Casino and bingo operator Rank (RNK) demonstrated continued recovery with 9% like-for-like net gaming revenue growth in the first half to £362.6 million and a big improvement in operating profit to £21.7 million.

Investors welcomed the positive update with the shares gaining almost 4% to 73p. Over the last year the stock is down around 18% compared with a 2% fall in the FTSE All-Share.

HOW DID THE BUSINESS PERFORM?

Grosvenor venues notched-up 10% like-for-like net gaming revenue growth driven by an 8% increase in customer visits and 2% higher spending per visit.

Mecca bingo saw a 9% increase in like-for-like sales growth on the prior year with visits up 2% and spending up 7%. Mecca continues to benefit from rationalising of the estate with one additional closure made in the first half to 31 December 2023.

The digital businesses likewise saw good like-for-like sales growth of 8% while the Spanish venues recorded a 10% increase in net gaming revenues.

Group adjusted operating profit increased eight-fold from £2.7 million in the first half of 2022 to £21.7 million. The business has a high proportion of fixed costs which delivers high operating leverage when revenues grow.

Rank noted that both the venues and the digital businesses experienced a ‘busy’ trading period through Christmas and the New Year.

WHAT DID THE COMPANY SAY?

Chief executive John O’Reilly commented: ‘After what has been a very challenging few years for Rank due to a wide range of external macro factors, we are starting to build revenues and, with our strong operational leverage, we are improving our profitability, with the group delivering revenue and operating profit growth across all businesses.

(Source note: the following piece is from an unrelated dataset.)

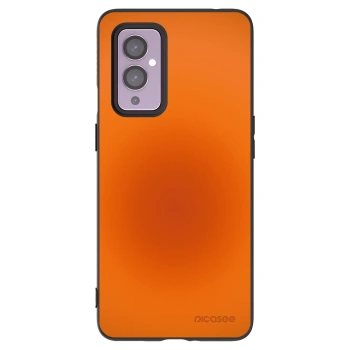 Picasee fekete szilikon tok az alábbi mobiltelefonokra OnePlus 9 - Heat Core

‘We are well positioned to optimise the opportunities afforded by the UK Government’s planned land-based regulatory reforms which will hopefully be implemented through the passing of secondary legislation in the summer of 2024.

‘These reforms cannot come soon enough in enabling us to modernise our proposition to better meet our customers’ expectations.’

O’Reilly told Shares the land-based reforms are expected to be passed into law before parliament’s summer recess in July.

EXPERT VIEW

Greg Johnson, leisure analyst at Shore Capital, left his full year earnings estimates unchanged and sees a ‘significant’ longer term opportunity from the impending gambling reform.

‘We retain our FY24F EBIT estimate of £43.5 million, which is broadly consistent with annualised H2 FY23A operating profit adjusted for lower energy costs.

‘Conservatively, our full year estimates imply a second half in line with the H1 results, noting we would hope to see trends continue to build from current levels.’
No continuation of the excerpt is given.